I would like to assist here, but I am not very experienced with character sets. I have a few questions though.
- Shouldn't we migrate from latin1 (our MariaDB default) to binary (MediaWiki default), instead from latin1 to utf8mb4? (see also next question)
- T4425#137259: didn't they use binary?
- Do you have a conversion procedure in mind? What are the known caveats?
- Are other systems (Matomo, Phabricator, etc.) running on non-supported character sets too?
- Is read-only mode required for converting (read: can pt-osc handle this conversion for us without read-only mode enabled)? If so, what is the ETA?
- Are things going to explode if one wiki has binary tables, whereas another wiki has latin1 tables? Data corruption is likely and will have a major impact.
- Suggestion: we must back-up wikis prior to converting the tables.

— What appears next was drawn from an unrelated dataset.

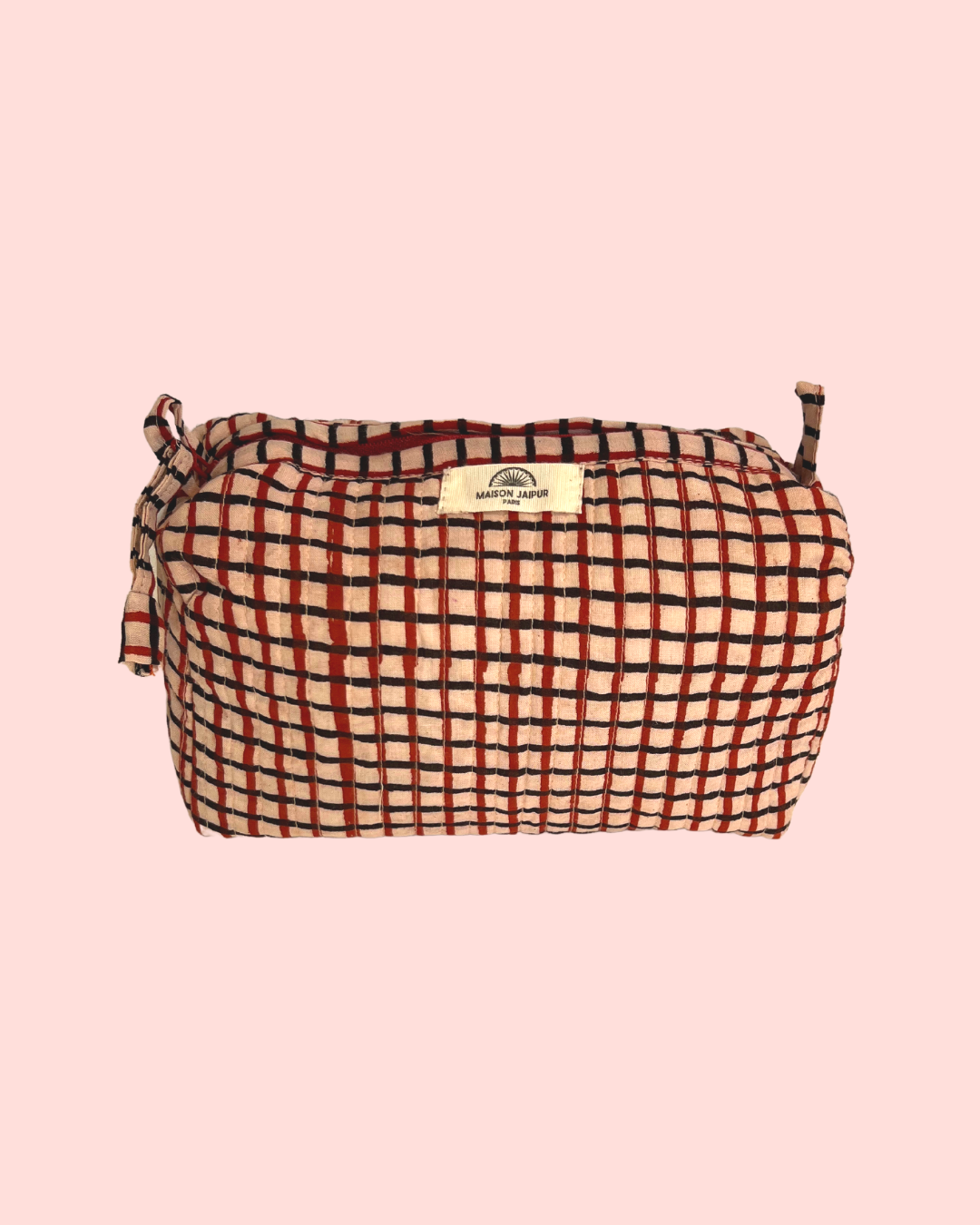 Maison Jaipur Paris - Pouch Delhi S Rouge en voile de coton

- Suggestion: a Wikimedia DBA could help you answering these questions. They are very experienced with the MediaWiki database architecture.

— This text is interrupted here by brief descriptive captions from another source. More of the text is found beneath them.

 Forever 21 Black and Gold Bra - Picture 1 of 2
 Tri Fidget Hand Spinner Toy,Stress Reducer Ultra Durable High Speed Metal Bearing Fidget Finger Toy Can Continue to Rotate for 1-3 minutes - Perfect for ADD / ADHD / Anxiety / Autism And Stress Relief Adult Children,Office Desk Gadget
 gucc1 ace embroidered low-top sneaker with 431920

https://phabricator.wikimedia.org/T250058#6051265 suggests search will break when converting to binary?
Spoked with a DBA at wmf briefly (Marostegui). He said it uses utf8mb4 and binary. Also he said he guessed it required read only and also alter table commands.
He also said he doesn't think it would cause corruption if one table had latin1 and the other binary but he also said it's worth checking out.

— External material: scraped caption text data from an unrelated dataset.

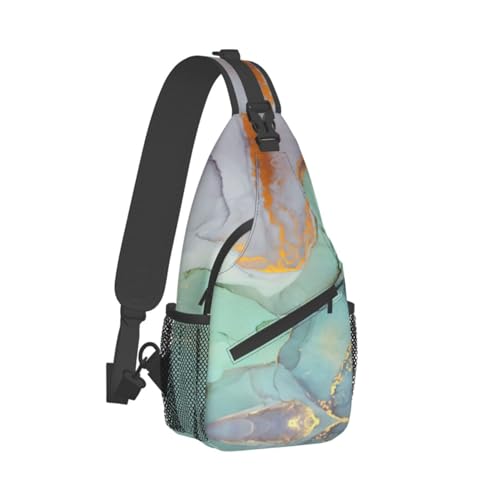 WURTON Colourful Marble Sling Bag Crossbody Backpack Sling Backpack Shoulder Bag For Women Men Cycling Hiking Travel2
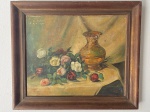 QUADRO - L. SEDLAK - OST - Natureza Morta, assinado, datado e localizado - RIO (1959). Med. 50x60 cm e 64x75 cm.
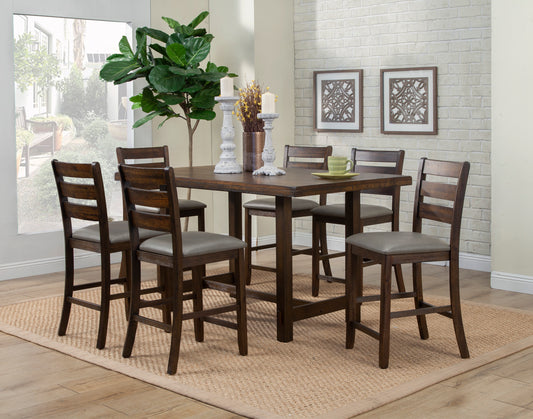 Emery Pub Height Dining Table, Walnut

Phabricator uses utf8mb4 (as it's forced).
Also:
MariaDB [metawiki]> show table status like 'searchindex'; +-------------+--------+---------+------------+-------+----------------+-------------+-----------------+--------------+-----------+----------------+---------------------+---------------------+------------+-----------------+----------+----------------+---------+------------------+-----------+ | Name | Engine | Version | Row_format | Rows | Avg_row_length | Data_length | Max_data_length | Index_length | Data_free | Auto_increment | Create_time | Update_time | Check_time | Collation | Checksum | Create_options | Comment | Max_index_length | Temporary | +-------------+--------+---------+------------+-------+----------------+-------------+-----------------+--------------+-----------+----------------+---------------------+---------------------+------------+-----------------+----------+----------------+---------+------------------+-----------+ | searchindex | InnoDB | 10 | Dynamic | 20670 | 2004 | 41435136 | 0 | 425984 | 4194304 | NULL | 2020-07-15 23:25:09 | 2021-06-02 11:40:55 | NULL | utf8_general_ci | NULL | | | 0 | N | +-------------+--------+---------+------------+-------+----------------+-------------+-----------------+--------------+-----------+----------------+---------------------+---------------------+------------+-----------------+----------+----------------+---------+------------------+-----------+
I wonder if that should be moved to utf8mb4_unicode_ci?
Is this something we wish to pursue? There's a lot of chat about data corruption and this being a big/dangerous task - I'm not really aware of any major issues with the current setup that would require running such a risk personally.
@Paladox can you elaborate on the necessity for this please, and if not, can we decline this task?
We don't necessarily have to do I don't think. The point of doing this was so we can search in the backend using unicode/or if in another language the string. Because at the moment we cannot as the string isn't displayed in a utf8 way for us.